Designated Family Members
The bill provides that a “designated family member” of a deceased or incapacitated new watercraft dealer could succeed the dealer in ownership or operation of the dealership under the existing agreement if (1) the family member provides written notice to the manufacturer within 120 days of the dealer’s death or incapacity, (2) agrees to the provisions of the agreement, and (3) meets the criteria for serving as a dealer. In order to help determine whether the family member meets the requirements for operating as a dealer, the manufacturer could request certain personal and financial data from the family member, who, in turn, would be required to promptly provide such information. A manufacturer could refuse to approve the succession of a designated family for “good cause.” If the manufacturer refuses to assent to the succession, it must notify the family member of its refusal (and its reasons) within 60 days of receiving notice of the intent to succeed or receiving the requested personal and financial data.

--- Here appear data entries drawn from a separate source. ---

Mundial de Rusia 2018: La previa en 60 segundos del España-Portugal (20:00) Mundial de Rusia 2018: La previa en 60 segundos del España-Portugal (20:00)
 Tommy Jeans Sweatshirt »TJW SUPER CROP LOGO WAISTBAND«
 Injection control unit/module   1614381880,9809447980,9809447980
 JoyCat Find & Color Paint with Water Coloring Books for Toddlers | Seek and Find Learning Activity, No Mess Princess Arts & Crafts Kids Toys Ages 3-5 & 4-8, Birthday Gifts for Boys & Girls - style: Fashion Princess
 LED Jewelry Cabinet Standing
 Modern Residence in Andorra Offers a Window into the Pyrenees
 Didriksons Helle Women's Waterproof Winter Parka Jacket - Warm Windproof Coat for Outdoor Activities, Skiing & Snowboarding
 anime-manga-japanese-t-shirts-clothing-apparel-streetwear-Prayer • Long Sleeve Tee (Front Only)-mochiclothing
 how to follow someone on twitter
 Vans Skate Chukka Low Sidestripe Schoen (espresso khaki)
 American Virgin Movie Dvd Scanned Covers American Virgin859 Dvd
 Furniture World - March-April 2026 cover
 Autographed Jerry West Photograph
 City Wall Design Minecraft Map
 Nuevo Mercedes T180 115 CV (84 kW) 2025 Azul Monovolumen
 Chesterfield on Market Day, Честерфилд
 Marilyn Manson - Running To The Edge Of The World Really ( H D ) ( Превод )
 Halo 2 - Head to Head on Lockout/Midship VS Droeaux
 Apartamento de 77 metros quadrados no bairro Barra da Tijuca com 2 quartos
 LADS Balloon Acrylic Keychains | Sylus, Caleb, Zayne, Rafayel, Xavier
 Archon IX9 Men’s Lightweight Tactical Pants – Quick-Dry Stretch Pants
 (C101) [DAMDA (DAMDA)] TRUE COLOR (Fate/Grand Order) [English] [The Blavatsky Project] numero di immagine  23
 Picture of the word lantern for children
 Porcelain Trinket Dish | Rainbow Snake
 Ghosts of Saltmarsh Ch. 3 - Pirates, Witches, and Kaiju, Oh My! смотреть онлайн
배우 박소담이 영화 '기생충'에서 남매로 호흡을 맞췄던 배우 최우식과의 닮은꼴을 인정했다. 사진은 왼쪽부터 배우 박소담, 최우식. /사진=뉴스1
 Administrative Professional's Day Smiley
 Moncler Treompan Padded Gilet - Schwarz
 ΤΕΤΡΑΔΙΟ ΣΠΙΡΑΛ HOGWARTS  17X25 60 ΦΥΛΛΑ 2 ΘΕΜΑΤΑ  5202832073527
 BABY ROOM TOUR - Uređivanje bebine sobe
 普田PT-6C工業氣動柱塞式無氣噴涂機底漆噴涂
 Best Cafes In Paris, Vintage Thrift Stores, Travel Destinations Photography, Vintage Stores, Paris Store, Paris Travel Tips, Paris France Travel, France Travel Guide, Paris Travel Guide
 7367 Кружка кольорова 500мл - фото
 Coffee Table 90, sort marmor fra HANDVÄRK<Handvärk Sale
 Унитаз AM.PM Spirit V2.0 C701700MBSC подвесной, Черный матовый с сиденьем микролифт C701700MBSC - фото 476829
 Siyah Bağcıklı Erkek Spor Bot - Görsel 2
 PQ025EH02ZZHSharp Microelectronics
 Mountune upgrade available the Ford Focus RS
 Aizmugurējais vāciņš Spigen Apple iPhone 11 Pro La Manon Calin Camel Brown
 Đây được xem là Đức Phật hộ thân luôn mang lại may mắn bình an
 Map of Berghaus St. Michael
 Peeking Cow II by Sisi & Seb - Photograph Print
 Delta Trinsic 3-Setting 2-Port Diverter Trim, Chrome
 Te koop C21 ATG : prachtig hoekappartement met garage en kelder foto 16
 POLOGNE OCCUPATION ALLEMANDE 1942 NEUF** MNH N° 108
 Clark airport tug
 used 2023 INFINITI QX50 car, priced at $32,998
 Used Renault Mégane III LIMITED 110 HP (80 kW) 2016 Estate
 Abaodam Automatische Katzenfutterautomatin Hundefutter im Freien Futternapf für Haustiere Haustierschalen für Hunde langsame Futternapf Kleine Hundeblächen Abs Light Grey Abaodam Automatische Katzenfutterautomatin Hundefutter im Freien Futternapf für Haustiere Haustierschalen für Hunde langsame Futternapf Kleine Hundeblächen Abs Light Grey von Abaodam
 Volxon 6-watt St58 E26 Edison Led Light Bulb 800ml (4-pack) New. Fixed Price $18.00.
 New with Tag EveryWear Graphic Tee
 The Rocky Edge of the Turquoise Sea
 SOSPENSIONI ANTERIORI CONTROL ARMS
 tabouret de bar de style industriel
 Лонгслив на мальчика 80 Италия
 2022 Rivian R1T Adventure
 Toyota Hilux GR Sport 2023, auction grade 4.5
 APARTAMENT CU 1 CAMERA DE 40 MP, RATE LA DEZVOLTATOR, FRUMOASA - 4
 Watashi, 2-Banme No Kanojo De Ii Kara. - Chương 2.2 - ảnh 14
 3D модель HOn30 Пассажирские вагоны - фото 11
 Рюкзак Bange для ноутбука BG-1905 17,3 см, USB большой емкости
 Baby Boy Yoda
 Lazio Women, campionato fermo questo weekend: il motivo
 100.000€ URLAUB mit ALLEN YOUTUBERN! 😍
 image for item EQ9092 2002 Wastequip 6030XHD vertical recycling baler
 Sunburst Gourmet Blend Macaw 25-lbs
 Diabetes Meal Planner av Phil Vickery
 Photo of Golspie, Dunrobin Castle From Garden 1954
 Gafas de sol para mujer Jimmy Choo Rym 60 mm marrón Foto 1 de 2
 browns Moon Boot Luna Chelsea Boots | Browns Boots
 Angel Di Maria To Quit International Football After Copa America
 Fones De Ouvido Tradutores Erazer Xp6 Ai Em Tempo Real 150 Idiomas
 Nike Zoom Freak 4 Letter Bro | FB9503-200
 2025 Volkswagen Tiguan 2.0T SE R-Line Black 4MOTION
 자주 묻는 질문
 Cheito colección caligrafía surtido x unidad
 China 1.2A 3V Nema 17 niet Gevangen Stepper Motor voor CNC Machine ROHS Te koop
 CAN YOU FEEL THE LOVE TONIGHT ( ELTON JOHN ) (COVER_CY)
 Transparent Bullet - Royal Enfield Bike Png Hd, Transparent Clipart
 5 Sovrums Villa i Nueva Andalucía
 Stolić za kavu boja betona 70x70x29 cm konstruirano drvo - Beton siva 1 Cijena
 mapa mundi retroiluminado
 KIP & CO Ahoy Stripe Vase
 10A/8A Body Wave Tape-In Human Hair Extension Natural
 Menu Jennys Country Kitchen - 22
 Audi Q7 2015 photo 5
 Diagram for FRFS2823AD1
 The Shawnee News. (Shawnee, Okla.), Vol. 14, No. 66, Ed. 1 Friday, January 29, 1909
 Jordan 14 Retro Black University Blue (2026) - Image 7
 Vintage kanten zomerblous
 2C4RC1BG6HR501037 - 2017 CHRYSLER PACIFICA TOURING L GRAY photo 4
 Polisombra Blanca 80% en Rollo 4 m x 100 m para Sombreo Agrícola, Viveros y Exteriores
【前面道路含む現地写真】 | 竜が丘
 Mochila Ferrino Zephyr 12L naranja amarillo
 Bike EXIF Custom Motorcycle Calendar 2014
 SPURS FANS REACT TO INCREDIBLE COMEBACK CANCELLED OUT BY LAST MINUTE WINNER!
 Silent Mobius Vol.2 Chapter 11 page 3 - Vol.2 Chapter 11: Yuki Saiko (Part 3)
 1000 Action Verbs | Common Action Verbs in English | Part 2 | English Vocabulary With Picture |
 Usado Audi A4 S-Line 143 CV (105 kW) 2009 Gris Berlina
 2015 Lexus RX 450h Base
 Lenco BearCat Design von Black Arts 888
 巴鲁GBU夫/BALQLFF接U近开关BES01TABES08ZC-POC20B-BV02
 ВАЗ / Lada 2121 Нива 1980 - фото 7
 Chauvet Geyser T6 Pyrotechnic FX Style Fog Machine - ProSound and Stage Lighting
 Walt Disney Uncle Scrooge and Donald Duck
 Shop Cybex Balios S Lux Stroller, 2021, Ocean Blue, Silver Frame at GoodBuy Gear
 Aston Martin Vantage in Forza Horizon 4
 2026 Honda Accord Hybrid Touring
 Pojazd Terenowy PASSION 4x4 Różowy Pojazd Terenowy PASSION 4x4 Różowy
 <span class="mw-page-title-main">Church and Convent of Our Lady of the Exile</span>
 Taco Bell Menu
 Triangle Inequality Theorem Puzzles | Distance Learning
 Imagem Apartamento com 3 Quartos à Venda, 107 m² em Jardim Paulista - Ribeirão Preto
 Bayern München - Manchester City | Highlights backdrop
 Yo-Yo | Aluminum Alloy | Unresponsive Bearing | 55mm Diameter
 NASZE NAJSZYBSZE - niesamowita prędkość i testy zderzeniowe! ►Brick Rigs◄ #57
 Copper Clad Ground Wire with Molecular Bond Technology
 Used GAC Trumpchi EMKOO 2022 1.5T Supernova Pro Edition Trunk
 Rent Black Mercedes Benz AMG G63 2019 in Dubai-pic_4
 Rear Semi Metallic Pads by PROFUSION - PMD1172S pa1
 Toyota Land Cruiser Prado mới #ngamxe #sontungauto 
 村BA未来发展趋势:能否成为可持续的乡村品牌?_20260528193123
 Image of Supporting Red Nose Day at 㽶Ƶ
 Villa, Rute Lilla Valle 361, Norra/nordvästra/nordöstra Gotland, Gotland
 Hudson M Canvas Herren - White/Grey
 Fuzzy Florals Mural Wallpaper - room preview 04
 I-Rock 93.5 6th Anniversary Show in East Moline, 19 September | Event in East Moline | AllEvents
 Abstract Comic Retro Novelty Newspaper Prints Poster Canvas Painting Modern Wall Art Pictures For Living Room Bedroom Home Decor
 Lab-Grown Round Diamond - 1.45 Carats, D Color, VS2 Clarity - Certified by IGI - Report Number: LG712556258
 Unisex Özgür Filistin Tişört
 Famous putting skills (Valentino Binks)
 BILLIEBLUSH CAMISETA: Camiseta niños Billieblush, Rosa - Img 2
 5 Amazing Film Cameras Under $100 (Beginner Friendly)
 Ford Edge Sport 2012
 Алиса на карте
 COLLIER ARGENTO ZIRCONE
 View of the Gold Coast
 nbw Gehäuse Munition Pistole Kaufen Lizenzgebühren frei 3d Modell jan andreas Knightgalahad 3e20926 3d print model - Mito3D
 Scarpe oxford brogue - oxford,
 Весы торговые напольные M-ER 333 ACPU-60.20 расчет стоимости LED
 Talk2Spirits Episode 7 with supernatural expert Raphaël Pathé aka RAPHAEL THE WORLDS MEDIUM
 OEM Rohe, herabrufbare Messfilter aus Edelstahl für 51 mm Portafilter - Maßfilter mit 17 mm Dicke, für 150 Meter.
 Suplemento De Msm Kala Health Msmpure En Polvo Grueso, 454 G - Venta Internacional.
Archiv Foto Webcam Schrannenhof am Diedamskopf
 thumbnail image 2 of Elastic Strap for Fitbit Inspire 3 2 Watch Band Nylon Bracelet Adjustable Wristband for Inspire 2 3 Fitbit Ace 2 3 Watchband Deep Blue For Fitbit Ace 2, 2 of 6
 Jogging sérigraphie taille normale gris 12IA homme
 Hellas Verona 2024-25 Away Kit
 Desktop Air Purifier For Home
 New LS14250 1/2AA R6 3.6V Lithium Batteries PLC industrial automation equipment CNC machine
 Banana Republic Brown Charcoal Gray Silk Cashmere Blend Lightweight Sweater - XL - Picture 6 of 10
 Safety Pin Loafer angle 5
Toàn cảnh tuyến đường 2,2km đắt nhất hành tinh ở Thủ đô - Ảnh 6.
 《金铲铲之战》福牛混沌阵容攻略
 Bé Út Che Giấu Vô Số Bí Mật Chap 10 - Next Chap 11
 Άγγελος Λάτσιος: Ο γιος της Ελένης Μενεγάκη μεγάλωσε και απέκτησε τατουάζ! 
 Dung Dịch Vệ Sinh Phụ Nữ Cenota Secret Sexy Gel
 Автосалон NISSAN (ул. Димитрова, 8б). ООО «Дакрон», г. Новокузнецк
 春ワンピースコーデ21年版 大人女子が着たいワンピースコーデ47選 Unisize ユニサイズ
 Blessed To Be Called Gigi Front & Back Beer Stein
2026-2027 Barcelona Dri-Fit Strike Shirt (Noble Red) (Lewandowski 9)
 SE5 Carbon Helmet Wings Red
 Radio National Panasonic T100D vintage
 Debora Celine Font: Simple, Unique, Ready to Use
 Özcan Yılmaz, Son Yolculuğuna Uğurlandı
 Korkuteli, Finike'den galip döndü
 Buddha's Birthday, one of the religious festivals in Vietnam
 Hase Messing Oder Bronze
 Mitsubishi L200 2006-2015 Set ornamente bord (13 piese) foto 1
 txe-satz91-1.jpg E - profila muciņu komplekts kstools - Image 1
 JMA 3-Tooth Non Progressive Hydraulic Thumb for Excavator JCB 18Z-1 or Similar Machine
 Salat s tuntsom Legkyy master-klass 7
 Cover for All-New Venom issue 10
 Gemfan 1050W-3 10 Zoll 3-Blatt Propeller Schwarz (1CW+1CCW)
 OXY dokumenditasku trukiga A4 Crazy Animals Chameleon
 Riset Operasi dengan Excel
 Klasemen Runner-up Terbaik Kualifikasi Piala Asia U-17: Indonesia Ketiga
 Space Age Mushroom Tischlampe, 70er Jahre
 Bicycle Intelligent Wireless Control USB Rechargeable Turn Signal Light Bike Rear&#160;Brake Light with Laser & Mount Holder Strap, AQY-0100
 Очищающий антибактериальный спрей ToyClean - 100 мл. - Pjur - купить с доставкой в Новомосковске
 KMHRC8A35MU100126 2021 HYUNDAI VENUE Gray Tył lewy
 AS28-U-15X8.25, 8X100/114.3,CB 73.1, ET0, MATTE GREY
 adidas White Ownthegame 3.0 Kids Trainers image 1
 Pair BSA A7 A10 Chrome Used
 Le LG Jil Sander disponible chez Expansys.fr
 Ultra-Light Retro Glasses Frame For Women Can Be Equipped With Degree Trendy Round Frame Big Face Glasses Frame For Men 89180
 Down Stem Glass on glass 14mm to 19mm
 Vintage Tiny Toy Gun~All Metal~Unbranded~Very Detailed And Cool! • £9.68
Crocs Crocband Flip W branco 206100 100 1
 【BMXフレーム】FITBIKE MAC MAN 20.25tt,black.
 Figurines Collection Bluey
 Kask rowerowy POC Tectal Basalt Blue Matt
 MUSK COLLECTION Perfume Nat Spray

However, nothing in the above provisions would preclude a dealer from designating someone as his or her successor in a written instrument filed with the manufacturer. If such a instrument is filed, it would determine the right to succession of the ownership of that dealership.
Establishment of a Dealer
Before a manufacturer establishes or relocates a dealer within the “relevant market area” of an existing dealer who sells the same make and model of watercraft, the manufacturer would have to notify in writing each dealer of that make and model in the area of its intention to establish an additional dealer or relocate an existing dealer. Within 30 days after receiving notice or at the end of any appeal procedure provided by the manufacturer, the dealer could bring an action for declaratory judgment to determine whether “good cause” exists for establishing or relocating a dealer within the relevant market area. If such an action is filed, the manufacturer would be precluded from establishing or relocating that dealer until the circuit court has rendered its decision. The action would have precedence over all other civil matters pending on the circuit court’s docket. The above provisions would not apply if a dealer is relocating to another area within two miles of its established place of business, nor would they apply to the reopening or replacement of a dealership within the relevant market that closed within the preceding year if it is within two miles of the established place of business of the closed dealership.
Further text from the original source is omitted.